• _Given records_:

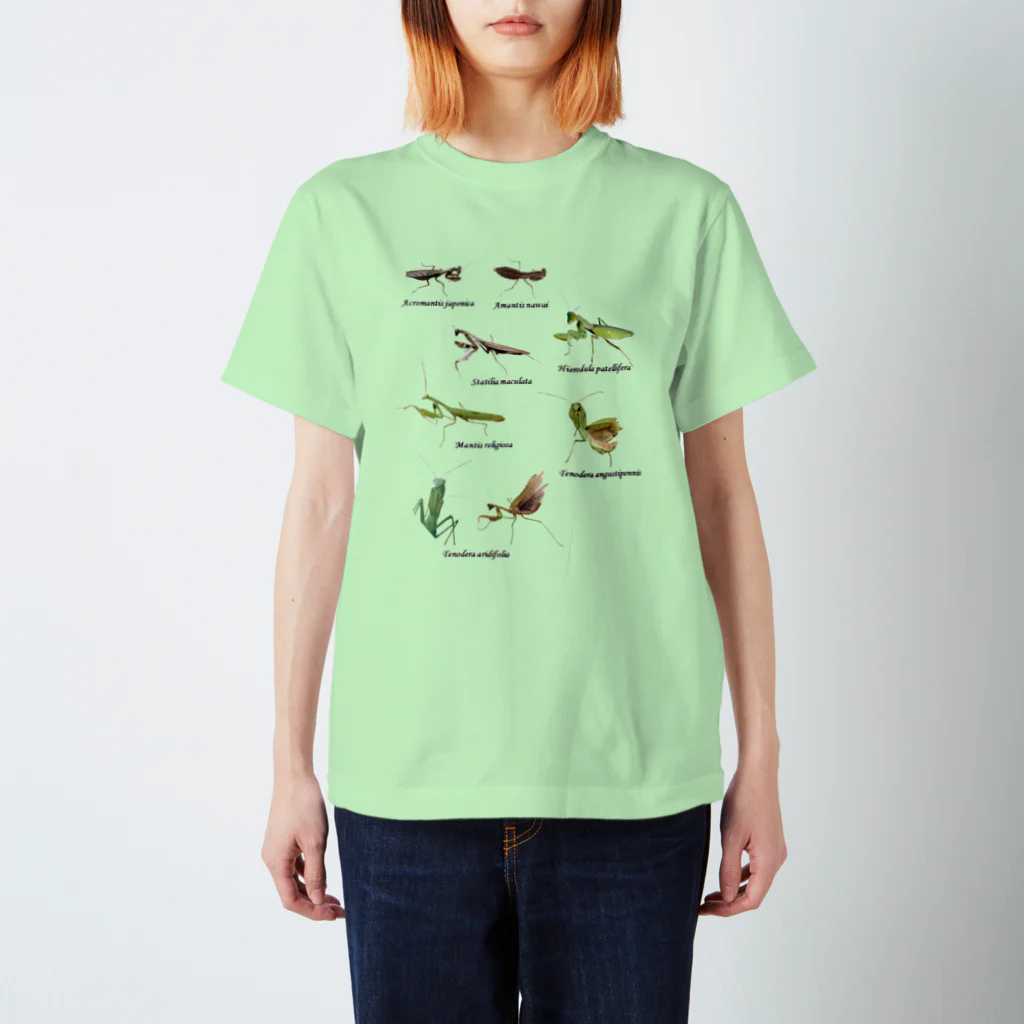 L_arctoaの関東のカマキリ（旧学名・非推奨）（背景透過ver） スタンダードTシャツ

...

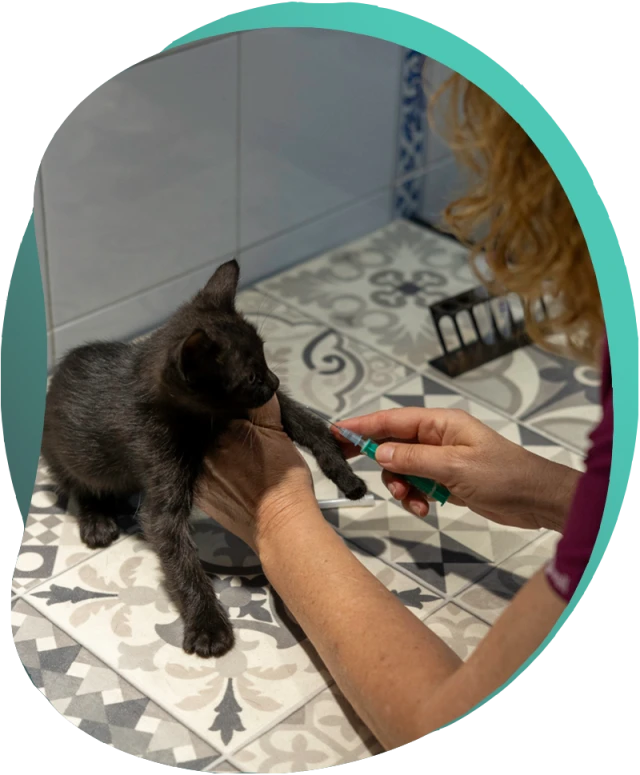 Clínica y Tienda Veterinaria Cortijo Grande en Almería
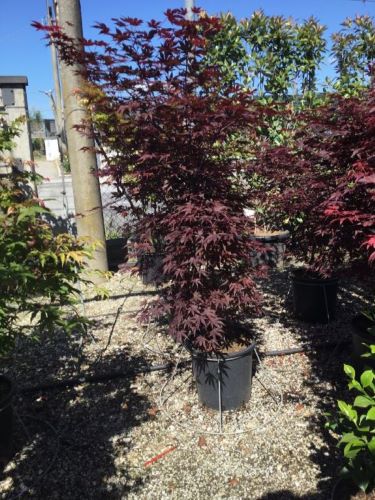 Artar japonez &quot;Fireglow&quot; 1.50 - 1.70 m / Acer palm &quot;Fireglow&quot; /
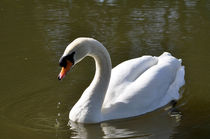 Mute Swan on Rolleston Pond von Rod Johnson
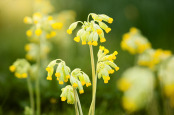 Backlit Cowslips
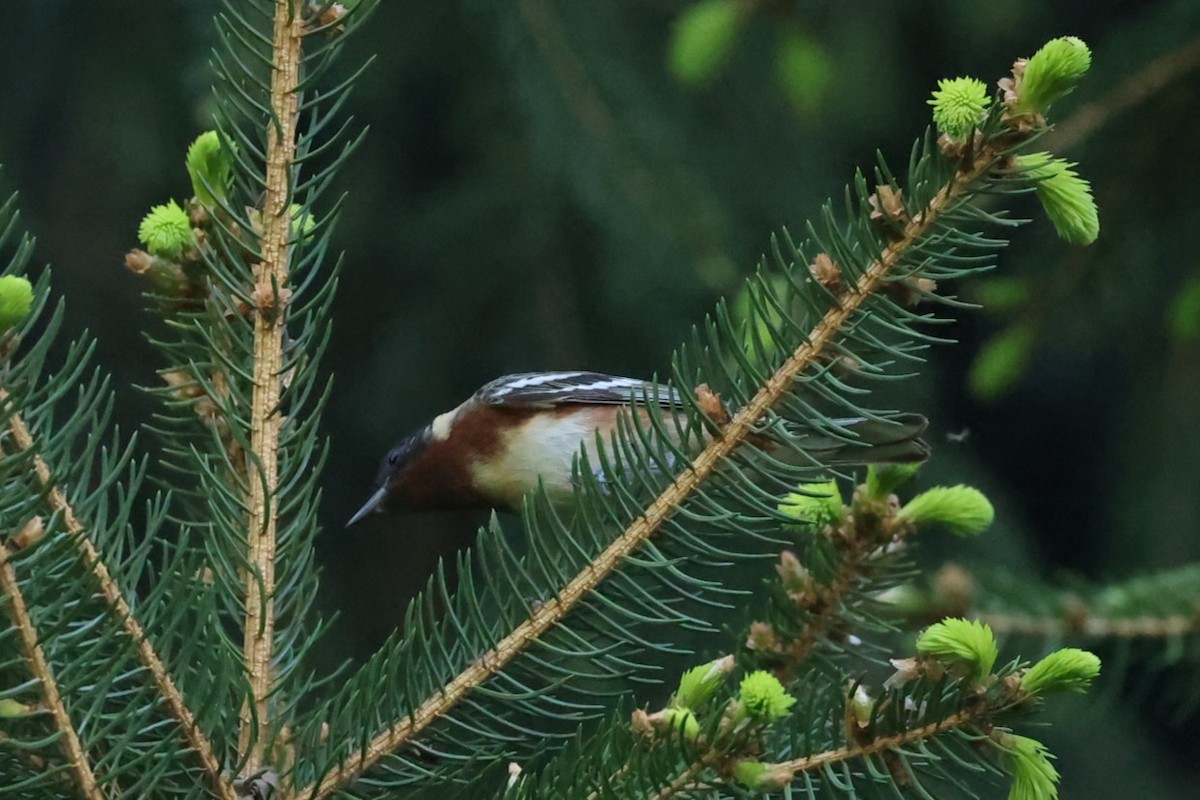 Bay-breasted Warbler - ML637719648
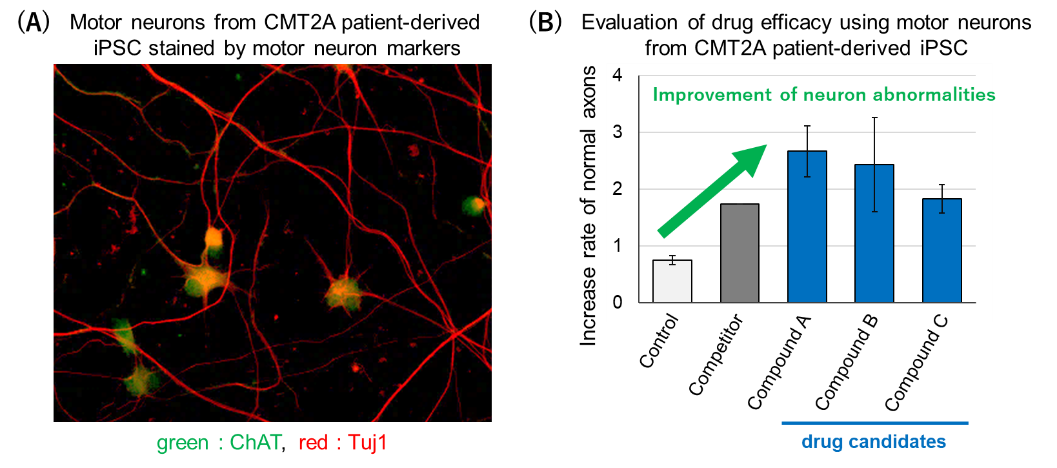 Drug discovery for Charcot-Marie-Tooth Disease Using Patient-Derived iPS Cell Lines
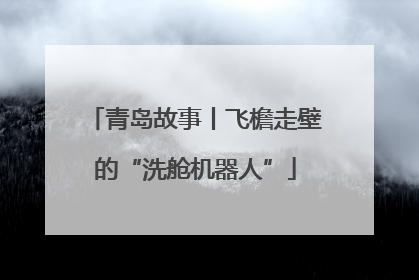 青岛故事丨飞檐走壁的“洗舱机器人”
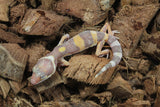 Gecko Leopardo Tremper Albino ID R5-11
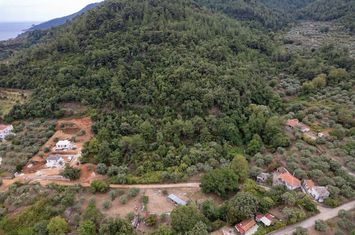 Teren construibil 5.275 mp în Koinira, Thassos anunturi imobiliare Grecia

* * *

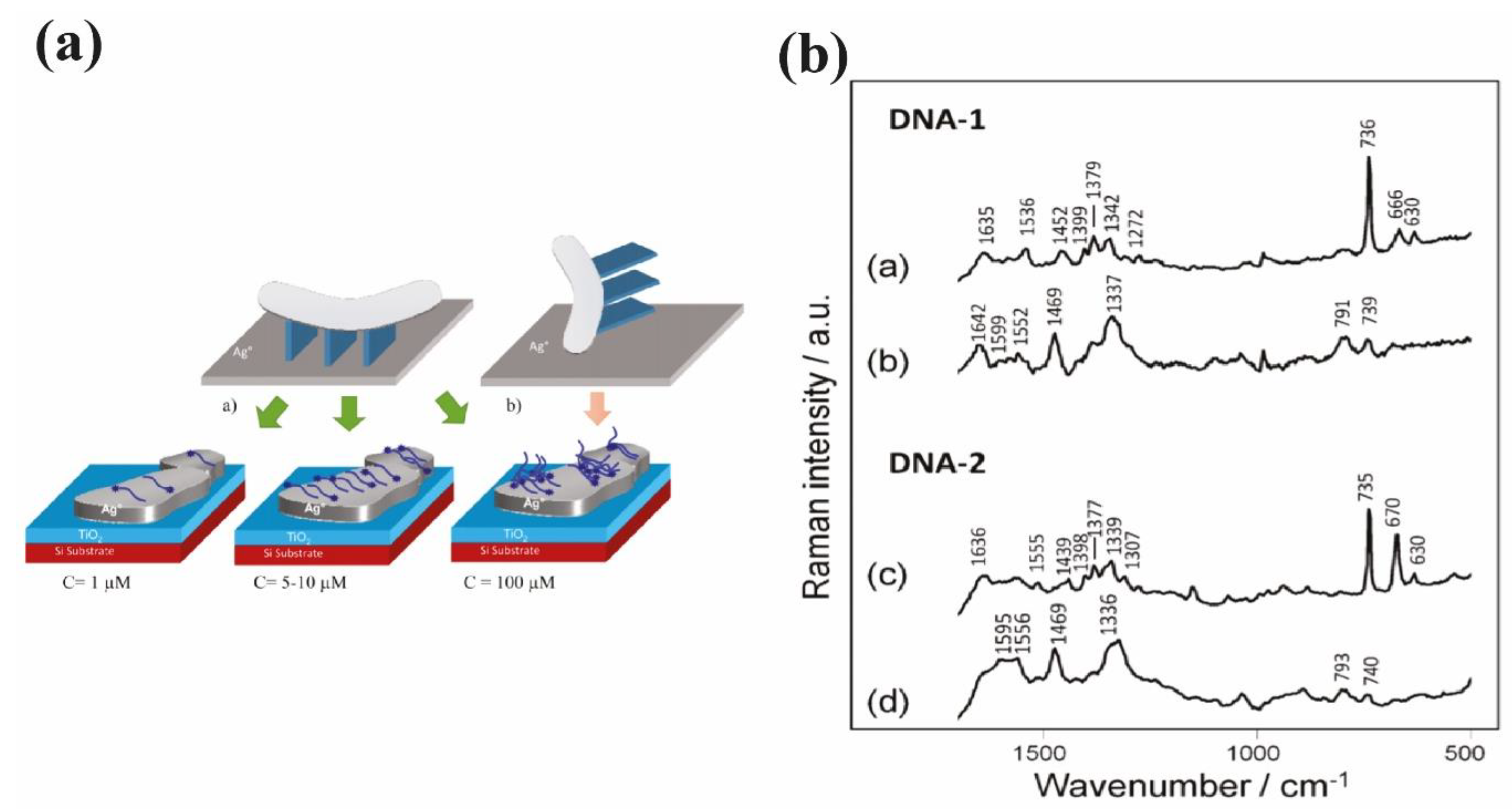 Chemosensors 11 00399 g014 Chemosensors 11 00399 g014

• _What you will do_: What lines above run from the one with "Drug discovery for" to the one with "Teren construibil 5.275"? Give them again exactly, ends included, and leave the pictures out.

• _Result of the exercise_:
 Drug discovery for Charcot-Marie-Tooth Disease Using Patient-Derived iPS Cell Lines
 青岛故事丨飞檐走壁的“洗舱机器人”
 Gecko Leopardo Tremper Albino ID R5-11
 Teren construibil 5.275 mp în Koinira, Thassos anunturi imobiliare Grecia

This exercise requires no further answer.